Space Nutrition Networkraises awareness among nutrition professionals about nutrition's vital role in space.

Photo credit: Space Nutrition Network/ Intagram (@spacenutrition.network)

As space enters a new era to a more commercial, more global, more accessible, the need for interdisciplinary thinking becomes even more urgent. The most important questions we face today do not belong to one field alone: How do we keep humans healthy beyond Earth? How do we design systems that are resilient, inclusive, and sustainable? How do we ensure that space exploration benefits life on Earth rather than distancing us from it? These questions demand collaboration between scientists, engineers, health professionals, educators, and storytellers alike.

Representation in space is not only about who gets to fly, but whose knowledge is valued. When young people see space defined narrowly, many quietly decide it is not for them. But when they see that there is room for nutritionists, communicators, social scientists, and interdisciplinary thinkers, space becomes a place they can belong to without abandoning who they are.

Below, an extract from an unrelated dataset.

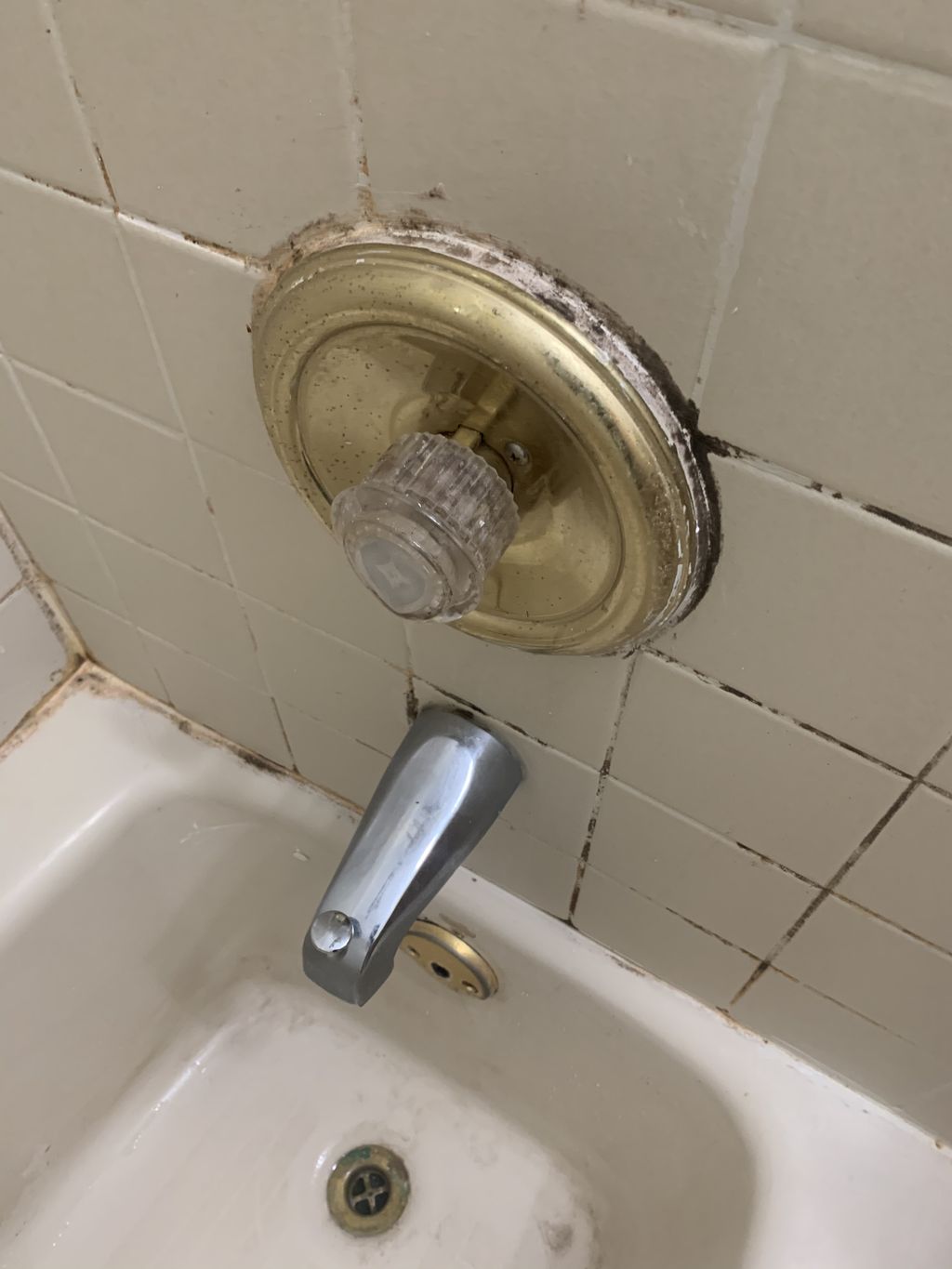 Shower Tile before 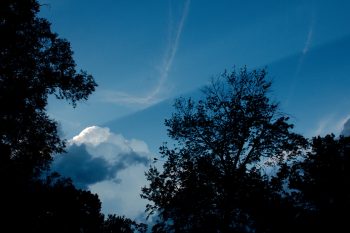 Cloud Shadows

When Filipinos and Southeast Asians see people like them contributing meaningfully to space science, it opens doors to local programs, regional partnerships, and new pipelines of talent. Last year, we founded the Philippine Society of Space and Astronomy Research to help strengthen the country’s space ecosystem and bridge the gap between opportunities and resources in a field often perceived as accessible only to the privileged. Through this initiative, we organized the inaugural Philippine Space Science and Astronomy Research Conference, creating a national platform where students, researchers, educators, and industry leaders could present work, build collaborations, and see that Filipinos are actively contributing to astronomy and space research.

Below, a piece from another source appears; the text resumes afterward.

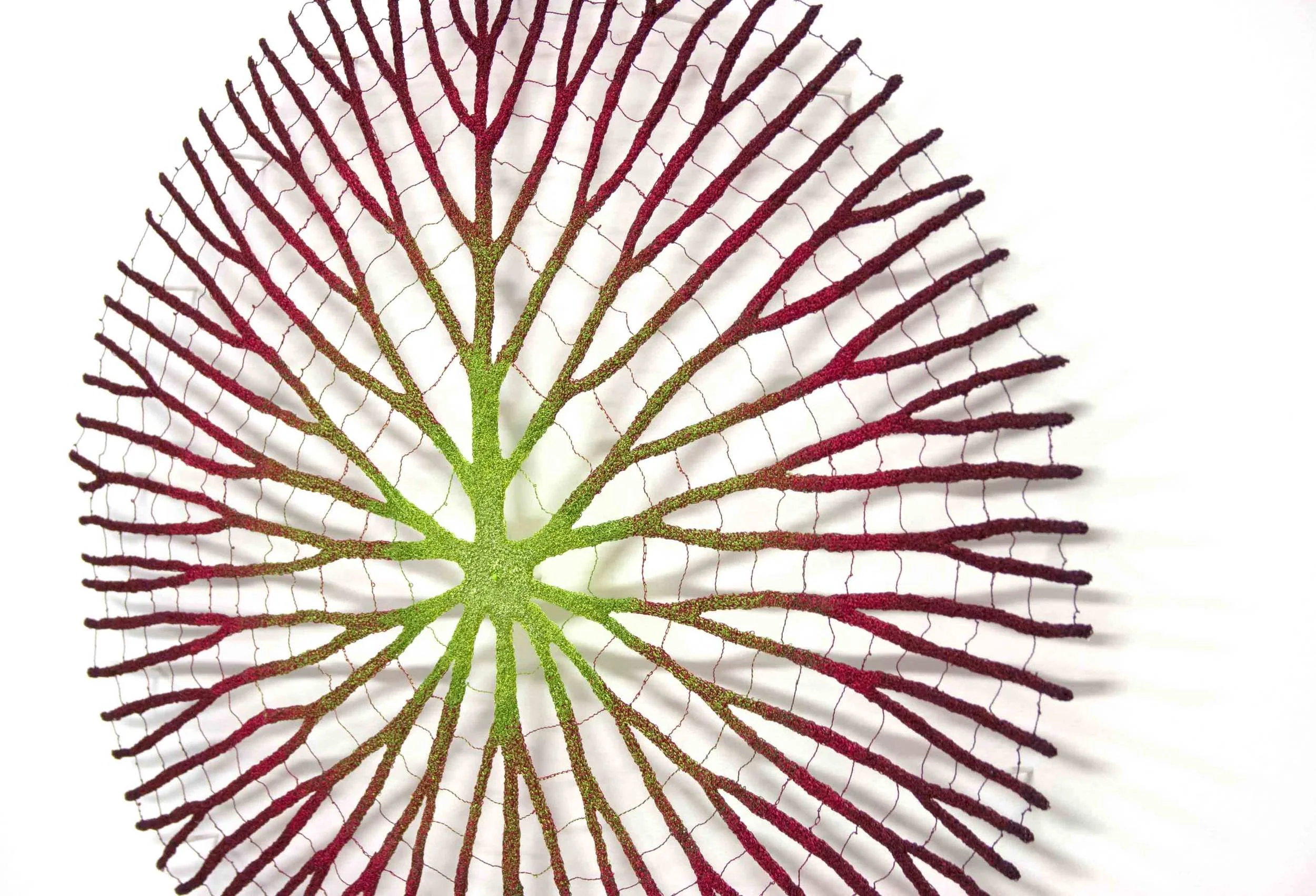 detail-edit-web.jpg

With these initiatives, we hope to tell young people that they don’t need to abandon their identity or discipline to belong in space. I want to see a future where the Philippines and Southeast Asia is not just observing space exploration, but actively shaping it, where our scientists, communities, and cultures are part of humanity’s next giant leap. For me, being present in space means showing that caring about people and caring about exploration are not opposing ideas but they are inseparable.

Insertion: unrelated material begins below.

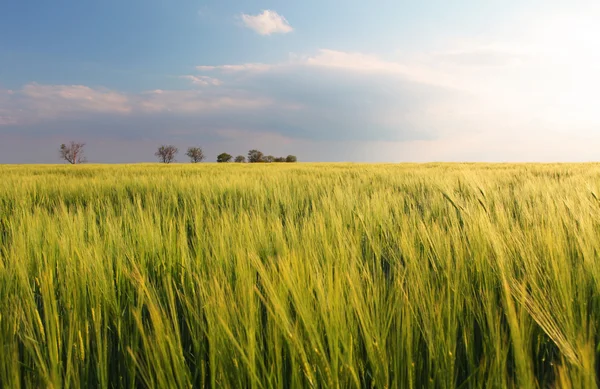 Pšeničné pole - ječmen — Stock fotografie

As we expand humanity’s presence beyond Earth, we must also expand the ways we imagine who space is for and how it is built. The future of space will not be shaped by rockets alone, but by the diversity of minds, disciplines, and lived experiences we bring with us. If we do this right, space will not just be somewhere we go. It will reflect the kind of humanity we choose to become. Space should not only reflect technological power; it should reflect the full diversity of the world it represents. And that is a future worth advocating for.